Existing research suggests managing people in Africa is strongly influenced by socio-economic factors, culture, demographics, the growing influence of multinationals seeking new ventures and markets on the continent as well as the impact powerful African nations like Nigeria and South Africa are having on business and development. The trade between Brazil, Russia, India and China has risen to over $ 200 billion in recent years. China views Africa as the key to its global rise and is investing heavily in the continent. Some have begun to wonder about the influence China will have on the management of people as it establishes businesses and trade across the continent (Lumumba-Kasonga, 2010; Jackson, 2012).
Cultural values and traditions are thought to account for differences in the attitudes and behaviours of workers and managers. In contrast to the largely individualistic cultures of developed nations, researchers have pointed to Africa’s collectivist values and humane orientation (House, Hanges, Javidan, Dorfman & Gupta, 2004). Yet, migration patterns in Africa suggest a growing movement of people from traditionally rural areas to large urban centers. At the same time, a large proportion of the African labour force is employed in unskilled or semi-skilled jobs while a significant number subsist through informal economic activities. Low wages, high unemployment in some countries combine with strong extended family values to place strain upon African employees far beyond the typical nuclear family understanding of work-family conflict. Africa also has a significant youth population. Fourteen of the fifteen youngest countries in the world are in Africa. This demographic trend may have significant implications for understanding worker psychology.
Research has suggested that organizational and people management still reflect some of the autocratic and highly bureaucratic management practices established during colonial rule in many nations. These practices were devised to serve colonial needs with little regard to indigenous cultures or the development of a cadre of managers (Kiggundu, 1991). Most post-colonial nations in Africa are still trying to find effective ways of managing, motivating and developing a workforce to realise the continent’s economic and social potential.

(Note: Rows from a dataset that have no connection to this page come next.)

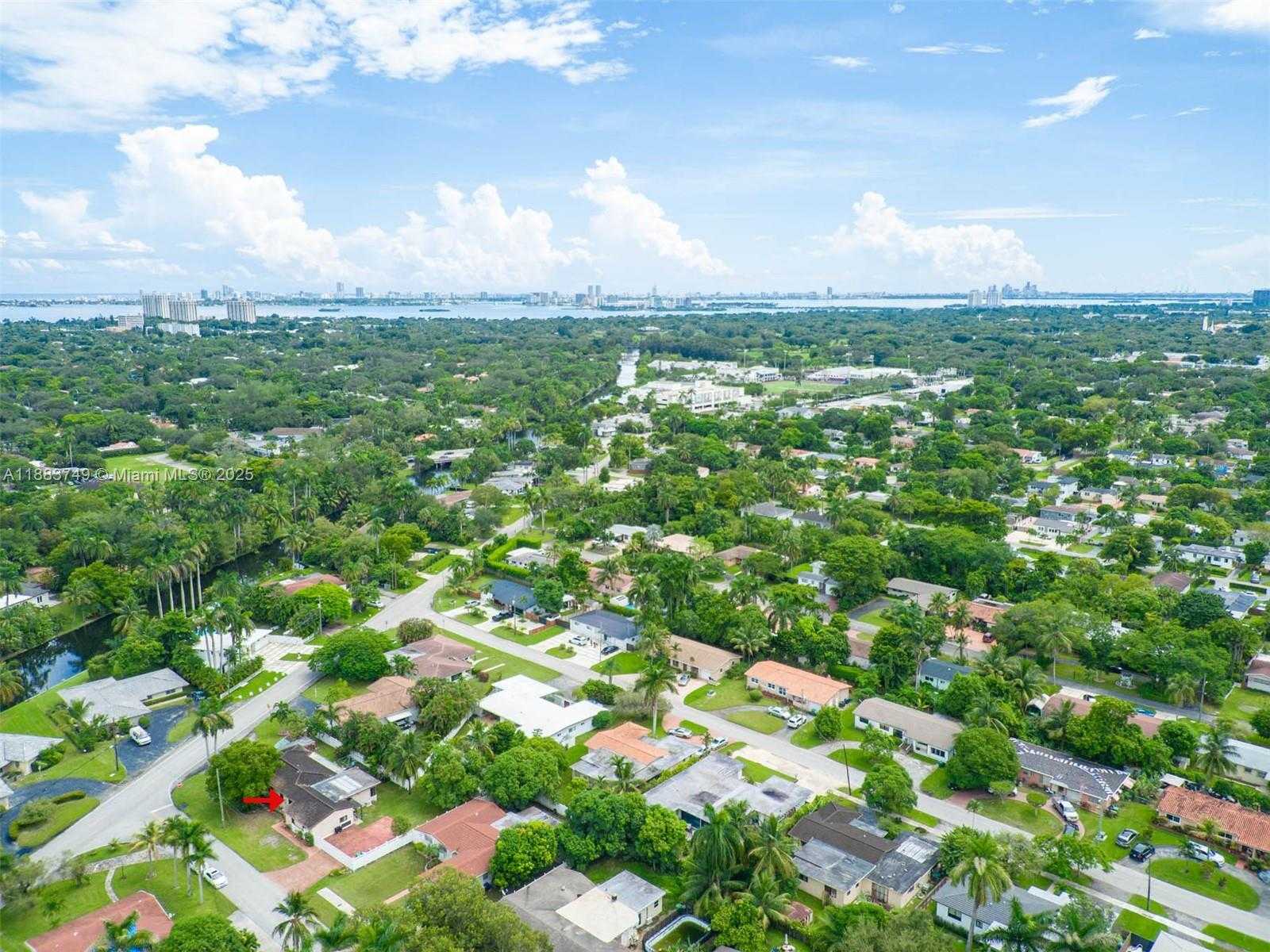 Small Image of 11490 WEST BISCAYNE CANAL RD, Miami Number 47
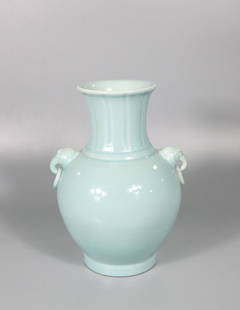 Qing Dynasty Green Glaze Porcelain Bottle, China: Height: 31cm Width: 13cm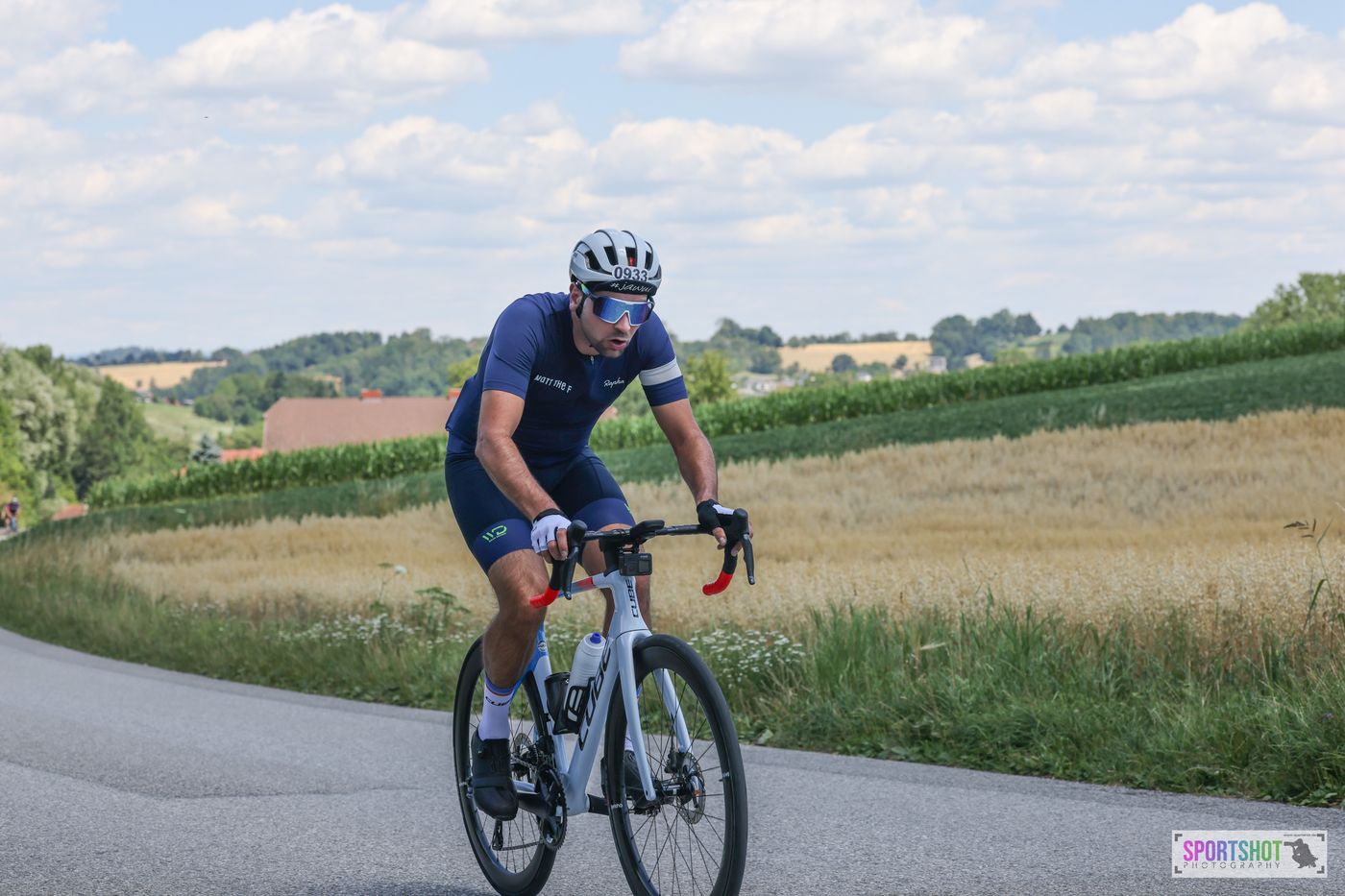 Mario im Watt-the-F-Trikot auf einer Landstraße zwischen Feldern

In this special issue, we are seeking micro-oriented manuscripts that provide insight into the issues related to managing people in African organizations. We invite contributions that are empirical as well as theoretical that provide new knowledge, particularly on untapped topics. Manuscripts that address the key contemporary influences on managerial, industrial psychology, and human resources practices in Africa are particularly welcome. However, the emphasis is on individual and small group, not organizational level analysis. We invite authors to contact us about their ideas for contributions by so that we can provide feedback on their suitability for this special issue.
The key themes and foci that we would like to explore include some of (but not limited to) the following questions:
1) How do the perceptions of employees influence interactions and outcomes in African organizations?
3) How do employees and organizations manage identity?
4) What diversity forms and effects exist in African organizations?
5) What personality forms and dynamics manifest and how do they affect organizations?
6) How do affective responses of employees influence interactions and behaviour?
7) What are the forms of stress and responses of employees?
8) What traditional motivational mechanisms are employed in organizations?
10) How do politicking behaviour of employees influence interactions and organizational outcomes?
11) What traditional leadership mechanisms are used in organizations?
12) How do teams and team dynamics function in African organizations?
13) What forms, processes, and outcomes of managerial decisions occur in African organizations?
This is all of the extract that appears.